Not Random Art | Page 28

An interview:

Viel Bjerkeset Andersen

Hello Viel and welcome to NotRandomArt. To start with, would you like to tell us something about your artistical as well as life background? What inspired you to be in this artistical point in your life when you are now?

Thank you for your interest in my art!

I grew up in an academic arts and crafts family; my father has a PhD in nuclear physics and spent all his life at the University in Oslo, my mother was a textile arts and crafts teacher at the HiO-A in Oslo, so during my childhood I spent lots of time playing at their work. At both places I experienced the dualism between experiments and research, and the rational and logic. I felt free to disturb my parents colleagues to satisfy my curiosity on every topic I at the time was interested in. I loved being in those two institutions, the people were so generous. And the most popular birthday parties were those where my father showed physical experiments from everyday life.

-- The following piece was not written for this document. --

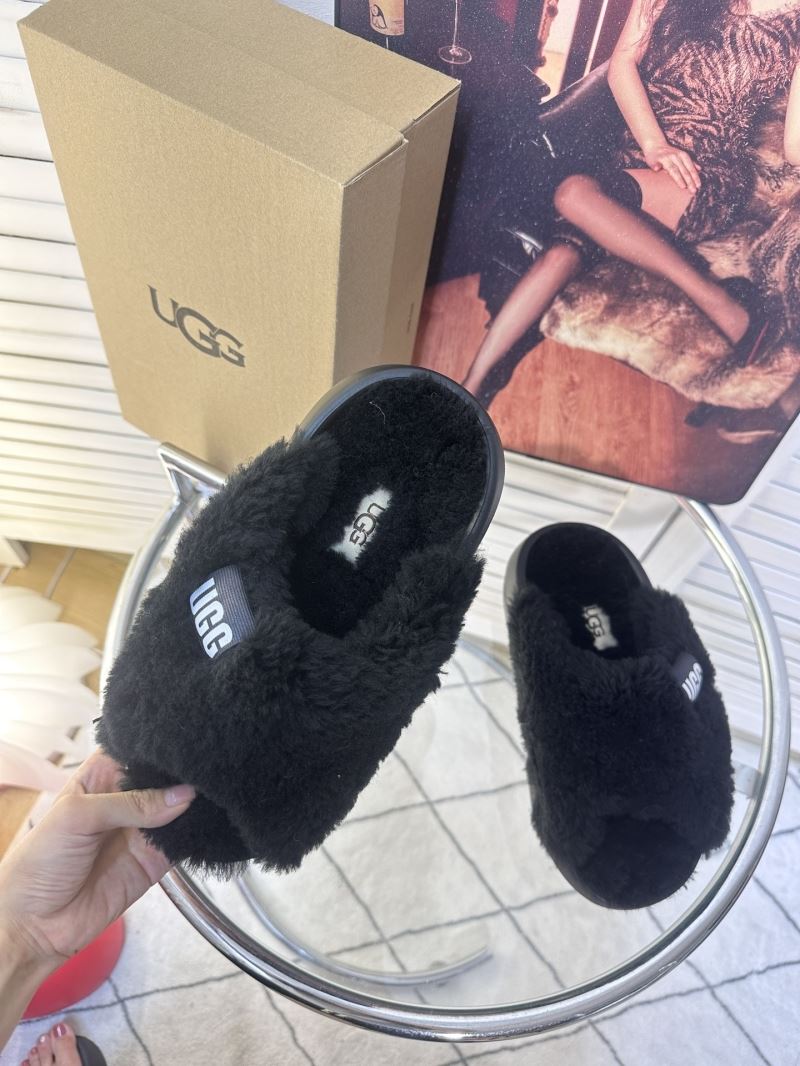 Ugg Sandals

At home we had a quite good workshop and dark room for developing black and white photos. I got my own camera at early age, and learned how to make photos the analogue way, to wind up films in complete darkness at the toilet, and I spent lots of time in the dark room. And I guess my handy parents took for granted that as a girl I should handle all tools as easy as my elder brothers did. I was not a very girlish child, and I liked to be by my self, to find out things by my self. I had little projects all the time.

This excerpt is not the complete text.